Savreux, who works from home on a laptop, got into AI contracting after seeing an online job posting. He credits the AI gig work — along with a previous job at the sandwich chain Jimmy John’s — with helping to pull him out of homelessness.
“People sometimes minimize these necessary, laborious jobs,” he said. “It’s the necessary, entry-level area of machine learning.” The $15 an hour is more than the minimum wage in Kansas City.
Job postings for AI contractors refer to both the allure of working in a cutting-edge industry as well as the sometimes-grinding nature of the work. An advertisement from Invisible Technologies, a temp agency, for an “Advanced AI Data Trainer” notes that the job would be entry level with pay starting at $15 an hour, but also that it could be “beneficial to humanity.”
“Think of it like being a language arts teacher or a personal tutor for some of the world’s most influential technology,” the job posting says. It doesn’t name Invisible’s client, but it says the new hire would work “within protocols developed by the world’s leading AI researchers.” Invisible did not immediately respond to a request for more information on its listings.
There’s no definitive tally of how many contractors work for AI companies, but it’s an increasingly common form of work around the world. Time magazine reported in January that OpenAI relied on low-wage Kenyan laborers to label text that included hate speech or sexually abusive language so that its apps could do better at recognizing toxic content on their own.

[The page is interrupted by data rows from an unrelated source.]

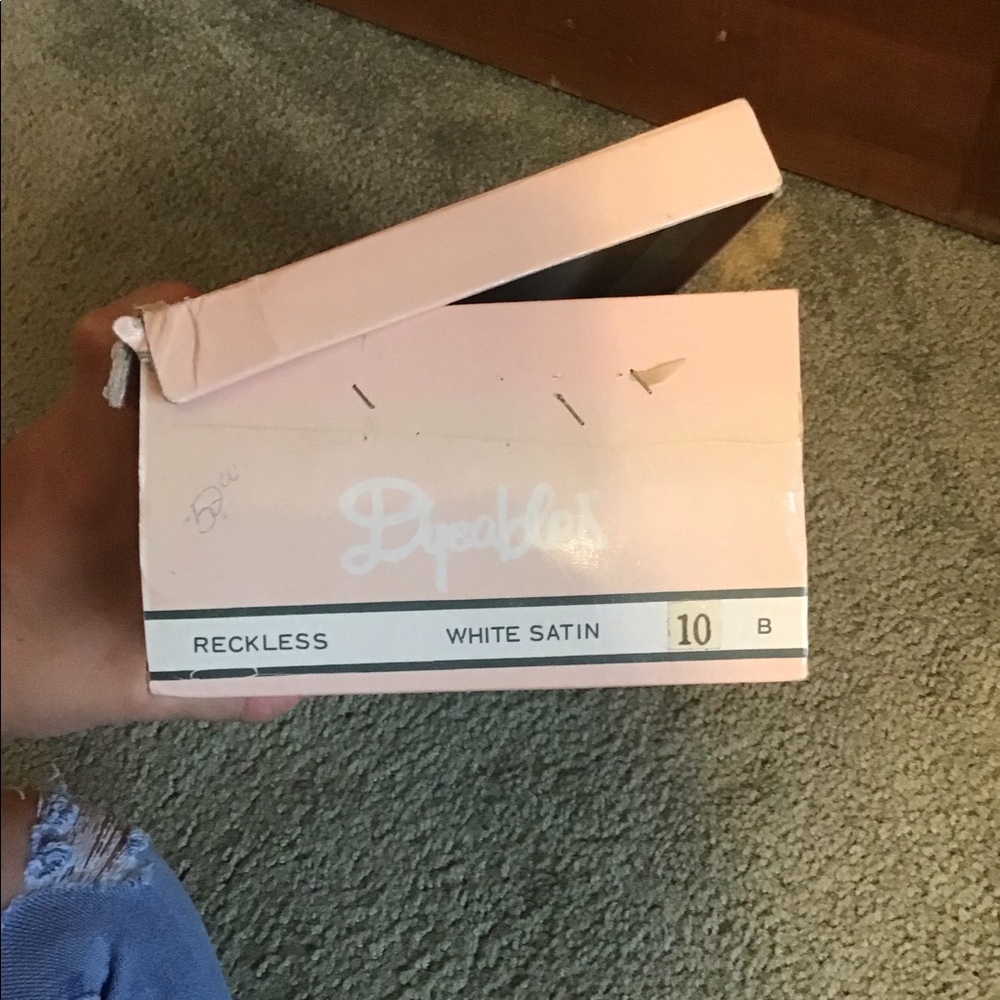 Women’s size 10 black dyeable heels gently worn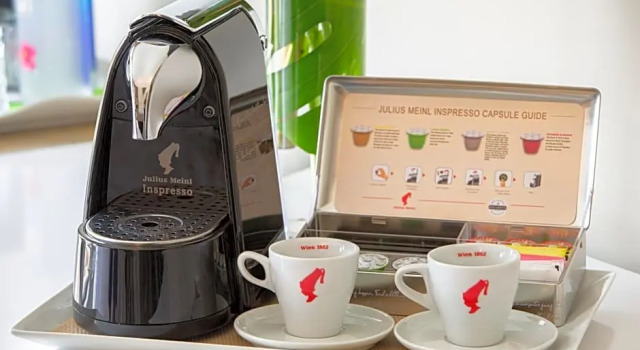 Четырёхместный номер Standard The Delaney Hotel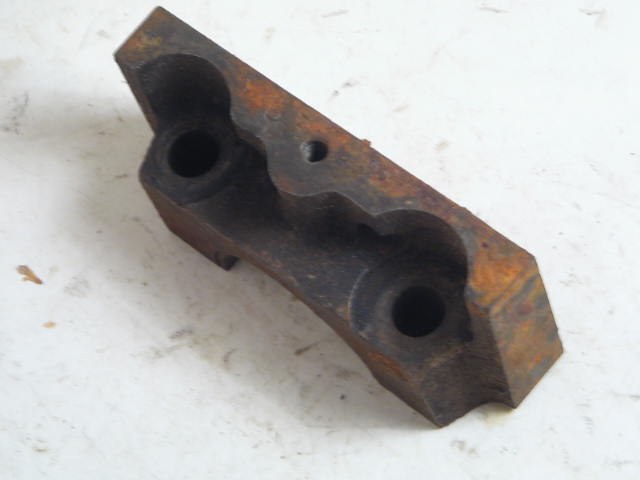FRONT MAIN BEARING CAP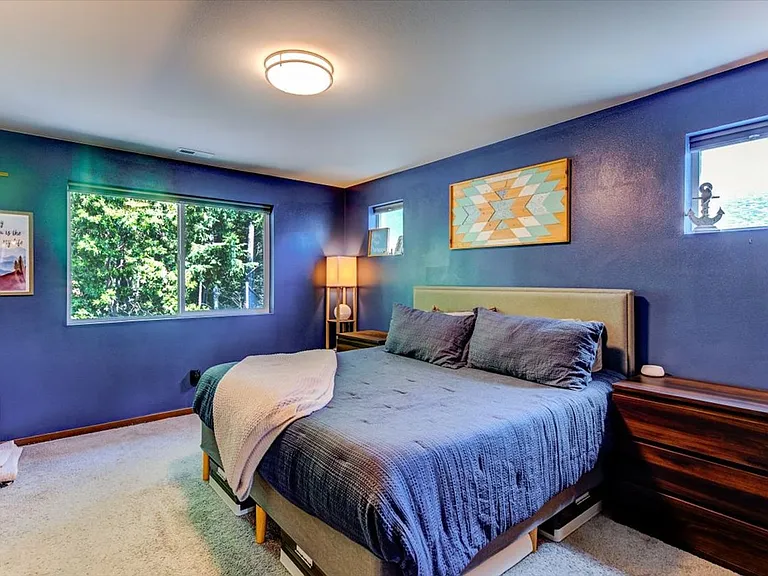 5130 Sophie St — Photo 9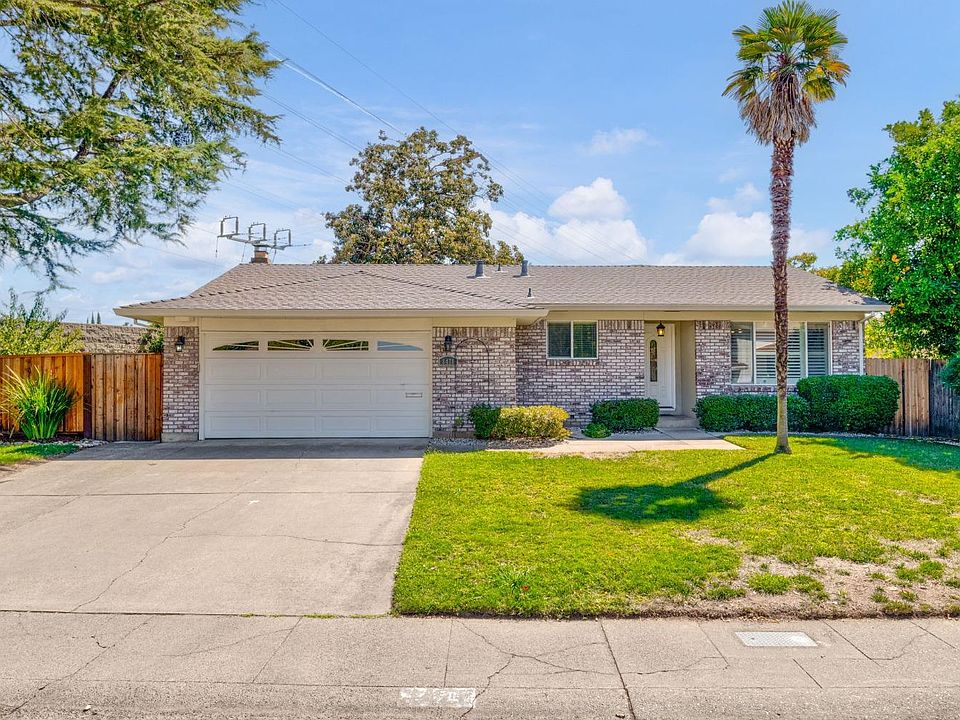1st image of 8478 Lake Forest Dr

OpenAI has hired about 1,000 remote contractors in places such as Eastern Europe and Latin America to label data or train company software on computer engineering tasks, the online news outlet Semafor reported in January.

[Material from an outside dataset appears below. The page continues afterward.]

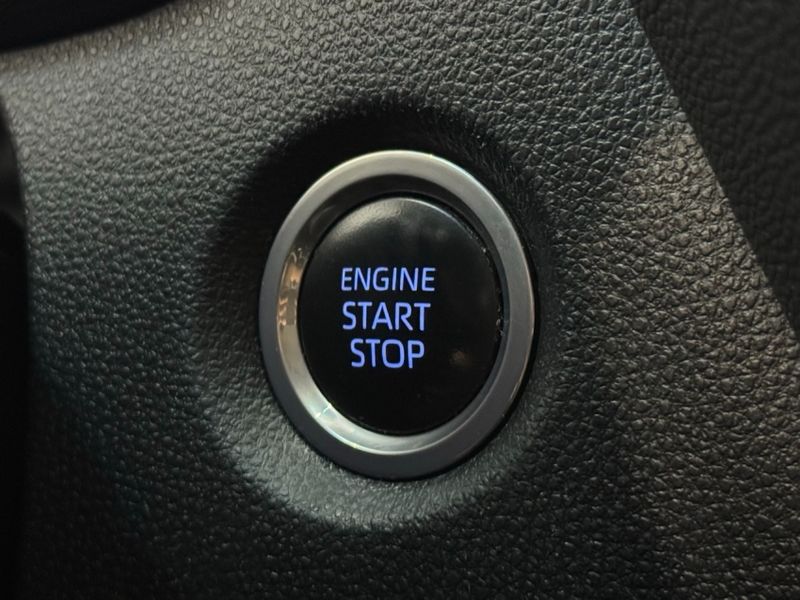 Toyota COROLLA 2.0 VVT-IE FLEX XEI DIRECT SHIFT 2022/2023 BETIOLO NOVOS E SEMINOVOS LAJEADO / Carros no Vale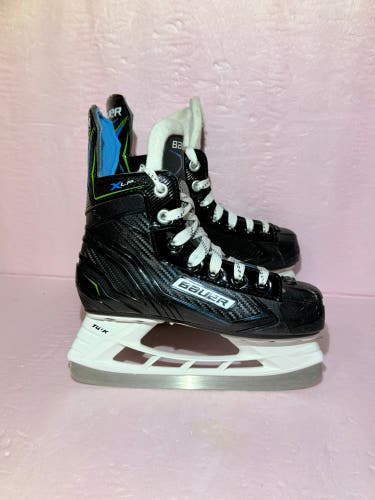 Black Bauer XLP Hockey Skates Regular Width size 13 youth (Used)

OpenAI is still a small company, with some 375 employees as of January, CEO Sam Altman said on Twitter, but that number doesn’t include contractors and doesn’t reflect the full scale of the operation or its ambitions. A spokesperson for OpenAI said no one was available to answer questions about its use of AI contractors.
The work of creating data to train AI models isn’t always simple to do, and sometimes it’s complex enough to attract would-be AI entrepreneurs.
Jatin Kumar, a 22-year-old in Austin, Texas, said he’s been doing AI work on contract for a year since he graduated college with a degree in computer science, and he said it gives him a sneak peak into where generative AI technology is headed in the near-term.
“What it allows you to do is start thinking about ways to use this technology before it hits public markets,” Kumar said. He’s also working on his own tech startup, Bonsai, which is making software to help with hospital billing.
A conversational trainer, Kumar said his main work has been generating prompts: participating in a back-and-forth conversation with chatbot technology that’s part of the long process of training AI systems. The tasks have grown more complex with experience, he said, but they started off very simple.
“Every 45 or 30 minutes, you’d get a new task, generating new prompts,” he said. The prompts might be as simple as, “What is the capital of France?” he said.
Kumar said he worked with about 100 other contractors on tasks to generate training data, correct answers and fine-tune the model by giving feedback on answers.
He said other workers handled “flagged” conversations: reading over examples submitted by ChatGPT users who, for one reason or another, reported the chatbot’s answer back to the company for review. When a flagged conversation comes in, he said, it’s sorted based on the type of error involved and then used in further training of the AI models.
“Initially, it started off as a way for me to help out at OpenAI and learn about existing technologies,” Kumar said. “But now, I can’t see myself stepping away from this role.”